Viel Neues traut sich Spies in der Konzeption des „Morstein Kultur Festivals“: Für die Auswahl der meisten Künstler zeichnet er selbst verantwortlich. Aus den unzähligen Bewerbungen, die täglich eingehen, wählt er Künstler aus, die ein besonderes Erlebnis garantieren. So war es auch mit der Kabarettistin Eva Eiselt. „Sie würde wunderbar in das Programm hineinpassen“, dachte sich Spies, „mit der kann man viel Spaß haben.“ Und auf ganz kurzem Weg war die Powerfrau engagiert. Mit ihrem Programm „Wenn Schubladen denken könnten“ packte die gelernte Schauspielerin, tiefgründig denkende Geisteswissenschaftlerin und Theaterbesitzerin aus der Eifel brennende und schwelende Alltagsthemen in bühnentaugliche Schubladen-Formate: große Schauspielleistung und musikalische Einzigartigkeiten am Schubladion, einem Synthesizer in der Schublade eines antiken Schrankes.

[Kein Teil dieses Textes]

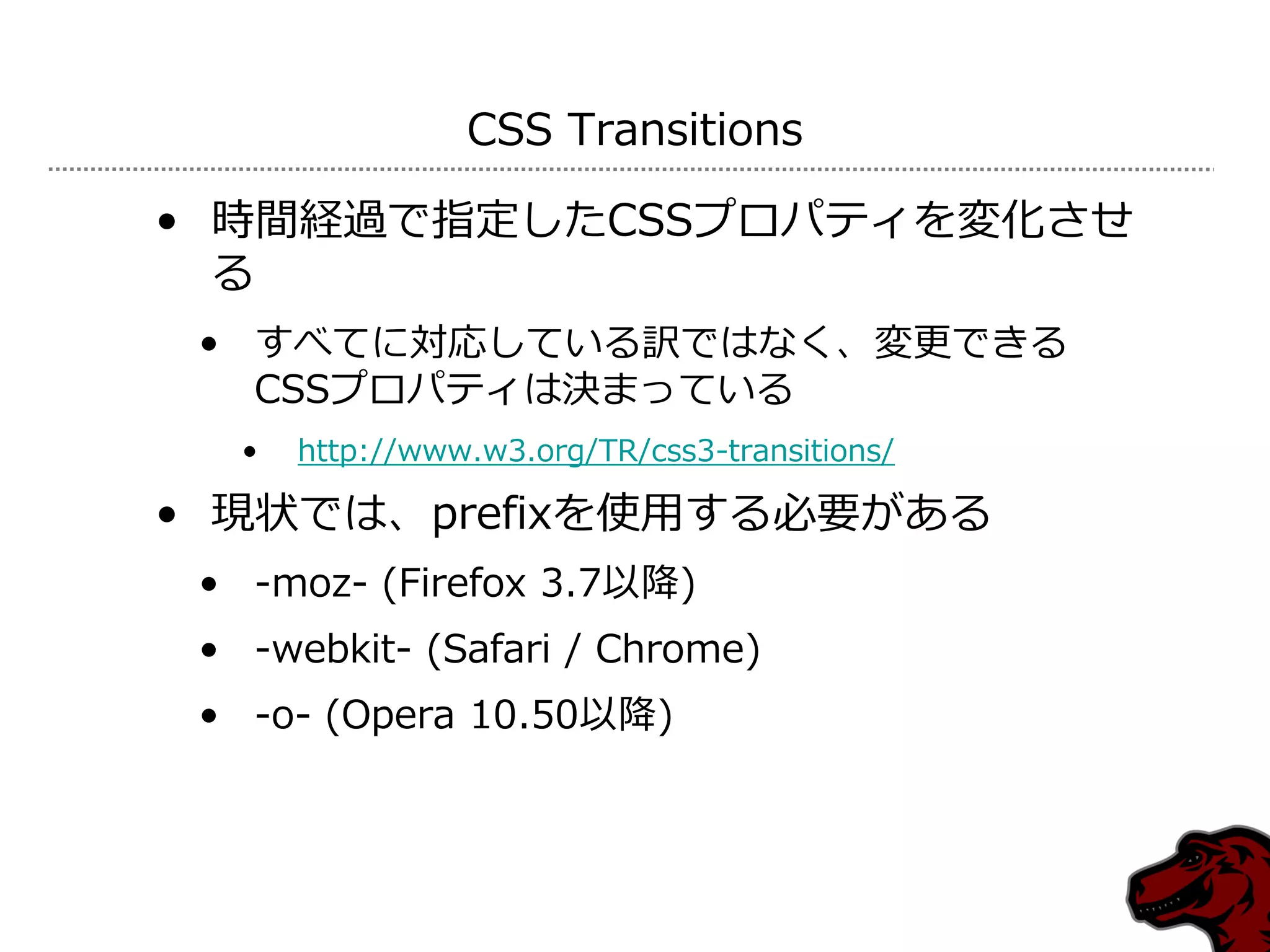 CSS Transitions

• 時間経過で指定したCSSプロパテゖを変化させ
  る
 • すべてに対応している訳ではなく、変更できる
   CSSプロパテゖは決まっている
   •   http://www.w3.org/TR/css3-transitions/

• 現状では、prefixを使用する必要がある
 • -moz- (Firefox 3.7以降)
 • -webkit- (Safari / Chrome)
 • -o- (Opera 10.50以降)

Schneidend-scharf umreißt Eiselt Figuren und gesellschaftliche Phänomene: von der alleinerziehenden, durchsetzungsunfähigen Helikopter-Mutter, ihrem Sohn und dem tragischen Ende eines Spiels, vom „Leiden des jungen Wlan“, das sich erhängt und in der Nachbarschaft Nachahmer findet. Sie röhrt mit beeindruckender Stimme einen veganen Dark-Metal-Song, bringt ein absurdes Tiermärchen auf die Bühne, schlüpft in unterschiedlichste Dialekt-Identitäten und präsentiert so den genialen „Schu-bladler“. Und noch viel mehr faszinierend Verrücktes bietet Eiselts Schubladen-Universum. Im nächsten Jahr wird Eva Eiselt wohl wieder auf „Gut Leben“ spielen.
Schön wäre es, wenn sich das „Morstein Kultur Festival“ in dieser Form etablieren könnte. Doch jetzt geht es erst einmal bis 29. September weiter. Die nächsten Glanzpunkte sind am Mittwoch, 12. August, „Berlin’s 4 – a cappella an 4 Locations, 4 Drinks, 4 x Fingerfood“. Das A-Cappella-Ensemble vom Rundfunkchor Berlin präsentiert Evergreens, Jazz, Klassik, Pop, Oldies und Schlager an vier Orten, mit Wein und Fingerfood. Am Sonntag, 6. September, ist eine „Venezianische Nacht“ zu erleben mit italienischem Menü und einem Streichertrio aus Venedig, das Morricone, Piazolla, Haydn sowie Love Songs und Tangos spielt.